- Original box art for the PC-9801 Japanese release of Elle.

エル (él)
- Developer: ELF Corporation
- Publisher: ELF Corporation DMM Games (Digital)
- Genre: Eroge, role-playing video game
- Platform: Microsoft Windows
- Released: 1991-06-13 (MSX2, PC98, X68000, TOWNS) 2000-09-29 (Win95) 2017-06-23 (Digital)
- Directed by: Katsuma Kanazawa
- Produced by: Osamu Koshinaka; Taro Miyabi; Akio Sakai;
- Written by: Katsuma Kanazawa
- Studio: Green Bunny, Arms
- Licensed by: NA: NuTech (former) Kitty Media;
- Released: April 25, 2001 – July 25, 2001
- Episodes: 2

= Él (video game) =

Japanese adult visual novel

Elle, also known as Él (エル, eru), is a Japanese adult visual novel developed by ELF Corporation which was originally released on June 13, 1991. A remake produced by ELF Corporation retitled Él was released on September 29, 2000. Green Bunny produced an anime original video animation titled Él which was released in two volumes in 2001. The series depicts the survivors of a nuclear war that are gathered in a single, tightly monitored city.

== Plot ==
In December 1999, a nuclear war devastates the Earth and renders most of the world inhospitable. To ensure the survival of humanity the "Megaroasu plan" is carried out, but a terrorist organization called the Black Widow attacks and tries to disrupt the plan. The story takes place in 2008. The player takes the role of an unnamed Hero with an unknown past who is an expert marksman. The heroine is El Miles, and includes an ensemble of minor characters to advance the plot. The game is a simple click adventure with only one ending as with many games of the genre.

For the 2000 remake, the story was the same with the exception of the setting being refocused to 2030. The graphics were updated and included three-dimensional computer graphics. The script was dubbed by a cast of professional voice actors, but the cast credits were private and not released.

== OVA plot ==
After a nuclear war triggered by environmental pollution, a group of survivors start the Megaro Earth Project, a city built under a dome to protect the last fragments of humanity. El Miles is a "sniper" – a policewoman defending the city against the terrorist organization Black Widow. El has been placed in charge of protecting Parsley, a pop singer nearly raped by Black Widow operatives. The singer then finds herself falling in love with El, and attempts to seduces her. El discovers that some of her fellow snipers are becoming Black Widow operatives, and she is constantly tormented not only by their leader Gimmick, but also by unusual blackouts and of unexplained visions of another reality. At the end of the second episode, the whole world El Miles lived in was actually just a 'created dream' and only El and a man named Joe are the last of humanity which was disrupted by Parsley.

== Releases ==
The first release, titled Elle was originally released on June 13, 1991. A remake produced by ELF Corporation retitled Él was released on September 29, 2000. The original release was on PC-9801, the software was on four 5" 2HD floppy disks. The remake was released for Windows 95, 98, Me, 2000, and XP on CD.

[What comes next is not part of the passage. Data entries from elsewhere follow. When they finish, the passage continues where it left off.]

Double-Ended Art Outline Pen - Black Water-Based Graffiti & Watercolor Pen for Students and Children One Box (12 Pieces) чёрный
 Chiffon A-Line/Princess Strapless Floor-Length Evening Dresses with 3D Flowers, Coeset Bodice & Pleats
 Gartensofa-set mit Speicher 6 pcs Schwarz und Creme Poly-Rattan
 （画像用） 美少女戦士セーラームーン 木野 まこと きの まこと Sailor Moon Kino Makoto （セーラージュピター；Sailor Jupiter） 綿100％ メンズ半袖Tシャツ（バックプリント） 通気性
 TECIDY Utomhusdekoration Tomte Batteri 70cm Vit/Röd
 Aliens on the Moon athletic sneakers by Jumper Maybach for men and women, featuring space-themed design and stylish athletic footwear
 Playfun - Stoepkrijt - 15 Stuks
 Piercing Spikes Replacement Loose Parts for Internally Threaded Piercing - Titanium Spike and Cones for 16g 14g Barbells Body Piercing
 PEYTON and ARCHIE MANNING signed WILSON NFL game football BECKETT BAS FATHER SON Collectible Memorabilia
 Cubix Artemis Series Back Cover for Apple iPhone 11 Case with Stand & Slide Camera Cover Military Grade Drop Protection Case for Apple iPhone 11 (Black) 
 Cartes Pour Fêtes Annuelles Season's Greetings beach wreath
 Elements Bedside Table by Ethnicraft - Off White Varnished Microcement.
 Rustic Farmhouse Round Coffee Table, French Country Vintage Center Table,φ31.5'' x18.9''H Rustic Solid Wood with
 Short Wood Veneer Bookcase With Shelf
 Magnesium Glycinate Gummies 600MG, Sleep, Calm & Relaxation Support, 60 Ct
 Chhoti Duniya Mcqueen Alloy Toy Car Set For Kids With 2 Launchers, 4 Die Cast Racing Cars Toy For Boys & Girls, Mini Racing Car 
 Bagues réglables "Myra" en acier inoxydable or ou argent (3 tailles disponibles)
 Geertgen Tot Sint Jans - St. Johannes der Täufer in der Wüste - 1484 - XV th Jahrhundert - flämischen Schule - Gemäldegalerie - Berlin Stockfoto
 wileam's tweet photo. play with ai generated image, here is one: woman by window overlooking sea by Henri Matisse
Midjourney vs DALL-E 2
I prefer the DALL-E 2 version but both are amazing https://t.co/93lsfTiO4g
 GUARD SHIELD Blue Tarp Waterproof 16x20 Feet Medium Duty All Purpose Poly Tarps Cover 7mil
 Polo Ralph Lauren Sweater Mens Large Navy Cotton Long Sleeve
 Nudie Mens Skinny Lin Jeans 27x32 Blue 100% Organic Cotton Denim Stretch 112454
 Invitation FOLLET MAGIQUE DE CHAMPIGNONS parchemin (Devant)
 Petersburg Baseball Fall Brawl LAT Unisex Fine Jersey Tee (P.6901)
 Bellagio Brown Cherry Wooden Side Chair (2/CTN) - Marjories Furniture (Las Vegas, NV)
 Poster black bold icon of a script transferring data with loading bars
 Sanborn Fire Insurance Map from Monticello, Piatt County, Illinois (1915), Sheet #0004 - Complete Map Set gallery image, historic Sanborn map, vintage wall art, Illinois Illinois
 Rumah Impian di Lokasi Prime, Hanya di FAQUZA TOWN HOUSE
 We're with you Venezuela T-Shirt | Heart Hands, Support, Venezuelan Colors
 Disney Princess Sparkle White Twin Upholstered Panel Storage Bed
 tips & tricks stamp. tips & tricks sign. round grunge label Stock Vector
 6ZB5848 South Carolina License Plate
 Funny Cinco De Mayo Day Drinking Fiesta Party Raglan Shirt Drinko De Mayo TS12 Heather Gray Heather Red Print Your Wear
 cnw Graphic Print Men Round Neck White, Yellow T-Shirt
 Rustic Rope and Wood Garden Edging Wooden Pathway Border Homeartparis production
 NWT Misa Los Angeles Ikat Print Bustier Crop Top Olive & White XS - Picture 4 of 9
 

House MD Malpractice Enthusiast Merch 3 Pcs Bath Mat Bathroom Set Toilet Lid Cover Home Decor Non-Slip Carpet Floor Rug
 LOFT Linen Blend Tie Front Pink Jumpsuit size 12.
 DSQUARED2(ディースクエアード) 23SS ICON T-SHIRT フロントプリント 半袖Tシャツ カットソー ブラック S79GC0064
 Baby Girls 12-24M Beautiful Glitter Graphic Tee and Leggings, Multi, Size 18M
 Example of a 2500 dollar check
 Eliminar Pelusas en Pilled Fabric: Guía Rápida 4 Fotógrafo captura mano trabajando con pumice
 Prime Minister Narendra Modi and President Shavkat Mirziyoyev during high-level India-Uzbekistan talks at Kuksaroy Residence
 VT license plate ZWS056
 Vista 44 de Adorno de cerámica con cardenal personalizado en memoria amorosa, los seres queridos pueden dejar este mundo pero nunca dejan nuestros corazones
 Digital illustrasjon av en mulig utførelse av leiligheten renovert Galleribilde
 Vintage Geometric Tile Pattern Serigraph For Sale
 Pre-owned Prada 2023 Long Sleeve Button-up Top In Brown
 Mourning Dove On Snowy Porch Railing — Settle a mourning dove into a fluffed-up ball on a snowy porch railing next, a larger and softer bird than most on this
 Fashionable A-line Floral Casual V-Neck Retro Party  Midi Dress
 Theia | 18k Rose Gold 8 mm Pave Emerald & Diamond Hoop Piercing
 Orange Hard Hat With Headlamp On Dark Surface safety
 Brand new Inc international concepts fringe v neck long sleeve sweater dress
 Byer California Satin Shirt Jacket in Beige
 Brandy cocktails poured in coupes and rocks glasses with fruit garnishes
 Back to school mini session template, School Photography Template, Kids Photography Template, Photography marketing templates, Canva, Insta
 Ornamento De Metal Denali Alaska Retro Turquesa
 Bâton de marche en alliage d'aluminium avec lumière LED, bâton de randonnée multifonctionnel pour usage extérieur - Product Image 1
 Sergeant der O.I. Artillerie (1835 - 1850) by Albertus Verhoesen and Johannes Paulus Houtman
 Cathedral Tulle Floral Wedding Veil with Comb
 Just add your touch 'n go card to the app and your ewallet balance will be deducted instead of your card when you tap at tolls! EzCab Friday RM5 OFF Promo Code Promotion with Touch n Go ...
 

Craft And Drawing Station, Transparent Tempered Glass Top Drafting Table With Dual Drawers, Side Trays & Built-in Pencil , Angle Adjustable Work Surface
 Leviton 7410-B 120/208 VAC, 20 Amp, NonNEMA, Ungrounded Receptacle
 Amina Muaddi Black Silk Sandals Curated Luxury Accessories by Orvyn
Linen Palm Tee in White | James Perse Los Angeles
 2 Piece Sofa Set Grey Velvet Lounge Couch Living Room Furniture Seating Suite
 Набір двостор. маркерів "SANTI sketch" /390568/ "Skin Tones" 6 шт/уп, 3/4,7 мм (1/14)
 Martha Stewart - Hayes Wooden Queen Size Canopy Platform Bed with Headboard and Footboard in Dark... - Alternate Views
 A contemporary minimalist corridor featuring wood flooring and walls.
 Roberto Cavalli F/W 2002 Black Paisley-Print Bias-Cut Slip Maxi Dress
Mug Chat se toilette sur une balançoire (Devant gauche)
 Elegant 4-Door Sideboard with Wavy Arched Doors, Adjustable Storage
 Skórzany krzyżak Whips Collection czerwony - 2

Green Bunny produced an anime original video animation titled Él which was released in two volumes in 2001. Nutech Digital acquired the rights to the Él OVA in 2001. The English release of the volumes 1 and 2, and the box set would follow in January 2002, featuring an English dub which included the voice talents of adult actresses Shelbee Myne and Lola.

OVA credits include:
- Kazuma Kanezawa: Director, Screenwriter
- Masaki Kawai: Original Character Design
- Takeo Takahashi: Art Director, Storyboard, Character Designer, Supervision
- Yukio Segami: Character Designer, Animation Director
- ARMS and Green Bunny: Production.

==Reception==
Chris Beveridge	reviewed both English localizations of the series. The Nutech Digital release was originally reviewed in 2002 and was positive, noting the strong visuals with only a few seconds of cross coloration on the second episode. The Kitty Media release was also reviewed favorably, among its differences from the Nutech Digital release was redubbing the work for release. The strong points of the OVA were its writing and execution of the surprise ending, but the large cast of characters resulted in poor development of secondary characters. The visuals from the original release do not hold up when compared to newer works in the 2007 review because of the increasing industry standards.